• WORK ITEM: Repeat the entries without change, omitting the pictures.

• STORED DATA:
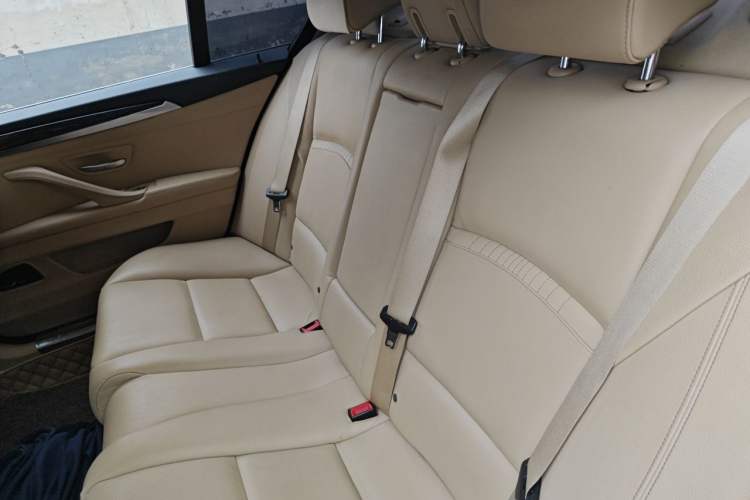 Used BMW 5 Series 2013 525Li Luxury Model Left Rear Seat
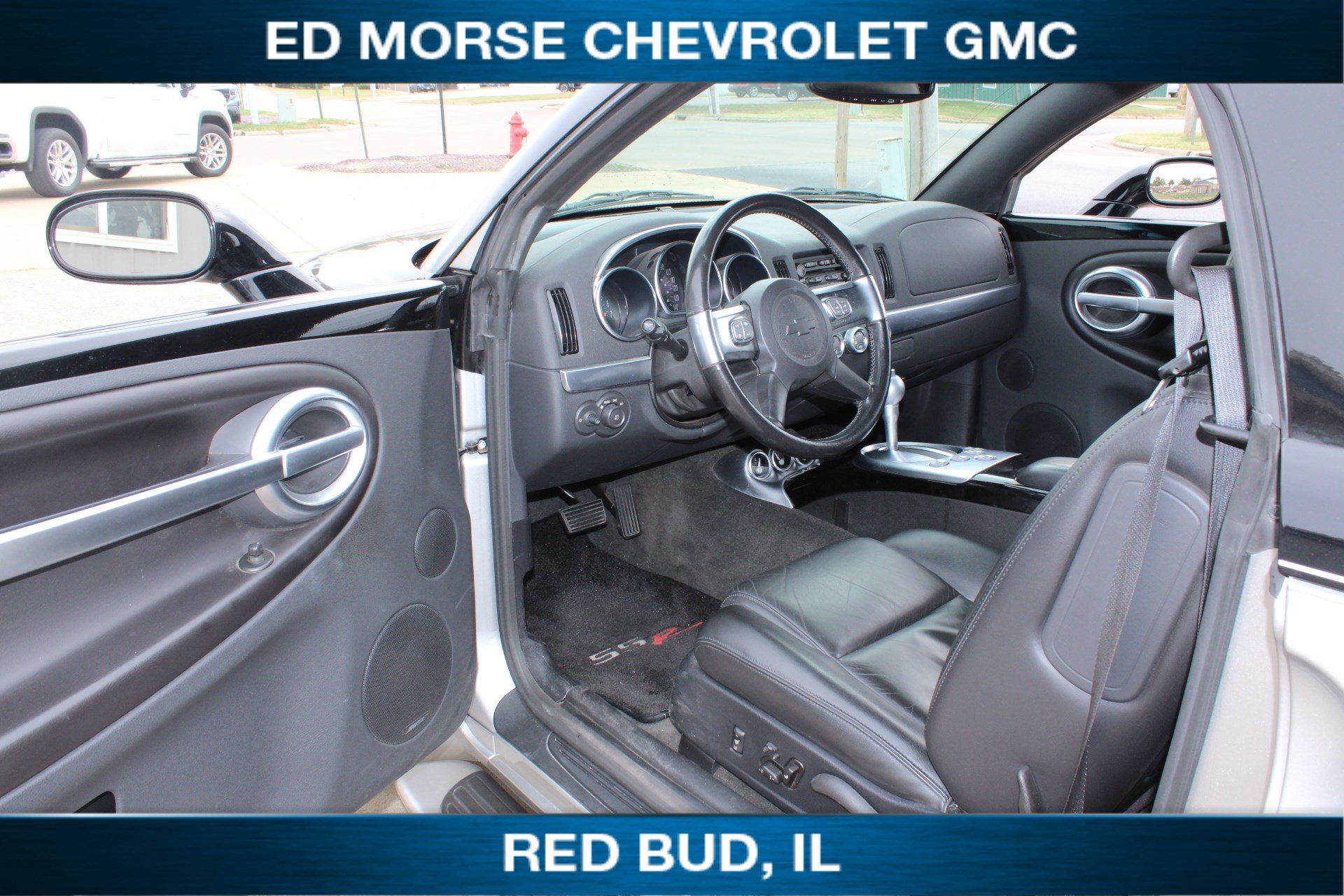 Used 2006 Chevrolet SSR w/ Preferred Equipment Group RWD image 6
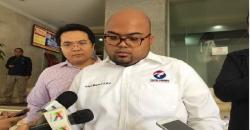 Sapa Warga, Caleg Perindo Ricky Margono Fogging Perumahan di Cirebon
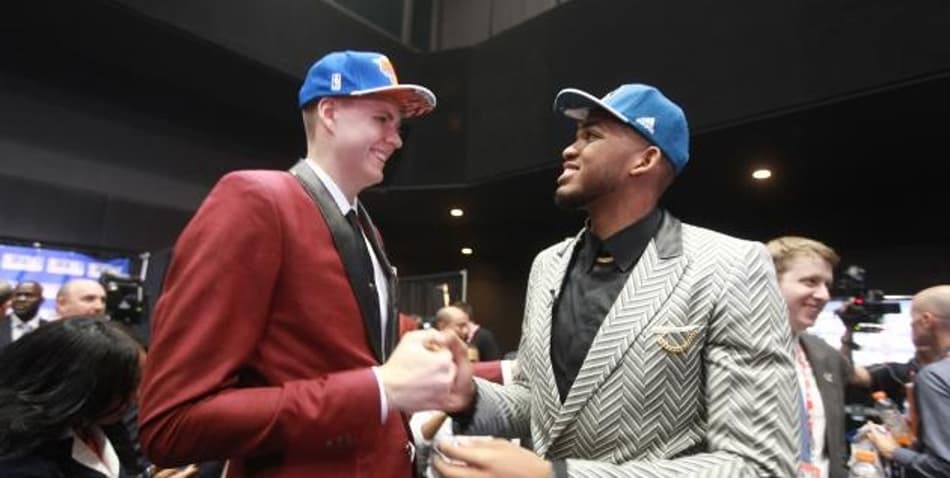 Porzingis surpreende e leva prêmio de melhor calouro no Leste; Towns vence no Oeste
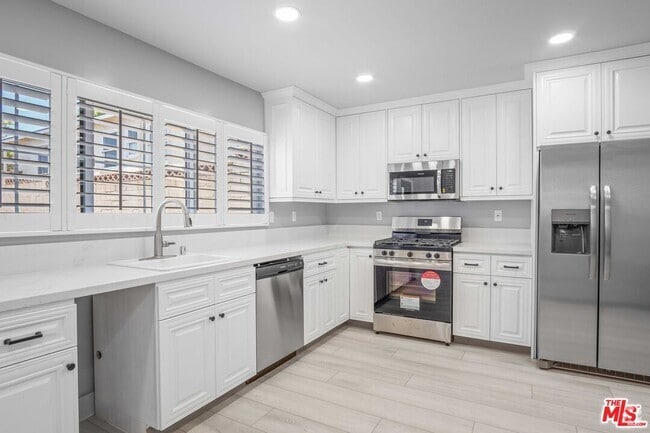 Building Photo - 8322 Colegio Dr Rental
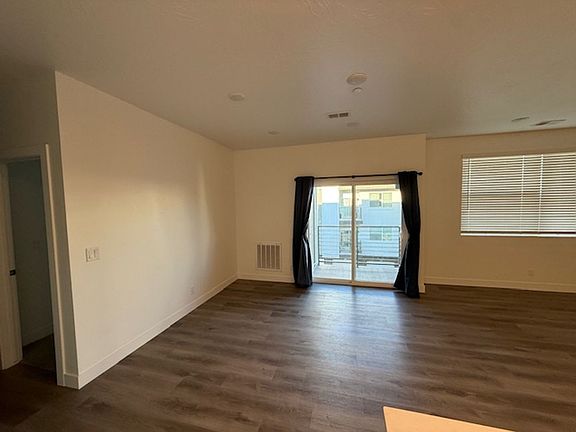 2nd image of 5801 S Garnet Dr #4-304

• FINISHED TASK:
 Used BMW 5 Series 2013 525Li Luxury Model Left Rear Seat
 Used 2006 Chevrolet SSR w/ Preferred Equipment Group RWD image 6
 Sapa Warga, Caleg Perindo Ricky Margono Fogging Perumahan di Cirebon
 Porzingis surpreende e leva prêmio de melhor calouro no Leste; Towns vence no Oeste
 Building Photo - 8322 Colegio Dr Rental
 2nd image of 5801 S Garnet Dr #4-304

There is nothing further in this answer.